Reference numerals: 1. building a building sunny side exhaust port; 2. high light-transmitting glass; 3. a static air layer; 4. a selectively light absorbing material; 5. a heat conductive metal plate; 6. an air flow channel; 7. an adsorption bed; 8. a thermal insulation layer; 9. an upwind outlet baffle; 10. a leeward outlet baffle; 11. the upper cavity of the adsorption bed; 12. the lower cavity of the adsorption bed; 13. a water vapor generator; 14. a cavity; 15. building a shade air inlet; 16. building shadow side air inlet baffle; 17. building sunny side air inlet.
Detailed Description
The present invention will be described in detail with reference to specific examples. The following examples will assist those skilled in the art in further understanding the invention, but are not intended to limit the invention in any way. It should be noted that it would be obvious to those skilled in the art that various changes and modifications can be made without departing from the spirit of the invention. All falling within the scope of the present invention.
The embodiment of the invention provides an all-weather solar heating system based on open type adsorption heat storage, and as shown in figure 1, firstly, the system comprises: high printing opacity glass 2, selective extinction material 4, static air bed 3, heat conduction metal sheet 5 and adsorption bed 7, high printing opacity glass 2 sets up at building wall body sun face, selective extinction material 4 sets up at high printing opacity glass 2 inboardly, static air bed 3, heat conduction metal sheet 5 and adsorption bed 7 set gradually between high printing opacity glass 2 and selective extinction material 4, selective extinction material 4 in this embodiment can choose the solar energy light-heat membrane for use, in this embodiment adsorption bed 7 can choose the compound adsorption material of high density for use.
A cavity 14 is also arranged in the building wall, and an adsorption bed upper cavity 11 and an adsorption bed lower cavity 12 are respectively arranged at two ends of the adsorption bed 7; a building sunny side exhaust port 1 is arranged at the upper cavity 11 of the adsorption bed, a building sunny side air inlet 17 is arranged at the lower cavity 12 of the adsorption bed, a water vapor generator 13 is further arranged at the building sunny side air inlet 17, and a building shady side air inlet 15 is further arranged at the wall shady side of the building. The exhaust port 1 on the building sunny side is respectively communicated with the upper cavity 11 and the cavity 14 of the adsorption bed; the building negative air inlet 15 is respectively communicated with the lower cavity 12 of the adsorption bed and the cavity 14, and the building negative air inlet 15 is communicated with the cavity 14.
A plurality of air flow channels 6 are arranged in the adsorption bed 7 along the length direction of the adsorption bed, channels are respectively formed between two ends of each air flow channel 6 and the upper adsorption bed cavity 11 and the lower adsorption bed cavity 12, and air flows along the lower adsorption bed cavity 12, the air flow channels 6 and the upper adsorption bed cavity 11.
An upper air outlet baffle 9 is also arranged at the upper cavity 11 of the adsorption bed, and a lower air outlet baffle 10 is also arranged at the lower cavity 12 of the adsorption bed; and a building concave air inlet baffle 16 is also arranged at the building concave air inlet 15. A heat insulation layer 8 is further arranged on one side wall of the adsorption bed 7 close to the cavity 14, the heat insulation layer 8 in the embodiment can be made of aluminum silicate fiber paper, and the adsorption bed 7 is thermally insulated from the indoor environment through the heat insulation layer 8.

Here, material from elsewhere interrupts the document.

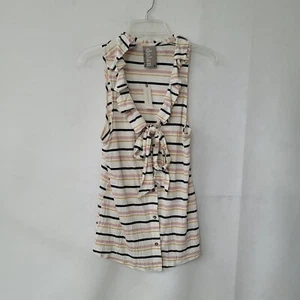 Dolan Tunic Top Women XS Pink Blue Striped Ruffled Tie Neck Button Up Beach New - Picture 1 of 13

The implementation principle of the invention is as follows: in the heating season, the building shade air inlet baffle 16, the building shade air outlet 1 and the building shade air inlet 17 are closed, and the upwind outlet baffle 9 and the downwind outlet baffle 10 are opened; in daytime, the indoor air is cold and dry, sunlight shines through the high-light-transmission glass 2 and the static air layer 3 to reach the solar photo-thermal film, solar energy is converted into heat energy, and the heat energy is transferred to the adsorption bed 7 body and the air flow channel 6 through the heat-conducting metal plate 5.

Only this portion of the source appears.